### Instructions for the task
With spelling and spacing unchanged, write out each line of the material.

### Material provided
BEGIN

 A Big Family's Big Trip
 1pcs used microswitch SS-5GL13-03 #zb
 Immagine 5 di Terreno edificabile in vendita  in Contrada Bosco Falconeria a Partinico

END

### Output for this task
 A Big Family's Big Trip
 1pcs used microswitch SS-5GL13-03 #zb
 Immagine 5 di Terreno edificabile in vendita  in Contrada Bosco Falconeria a Partinico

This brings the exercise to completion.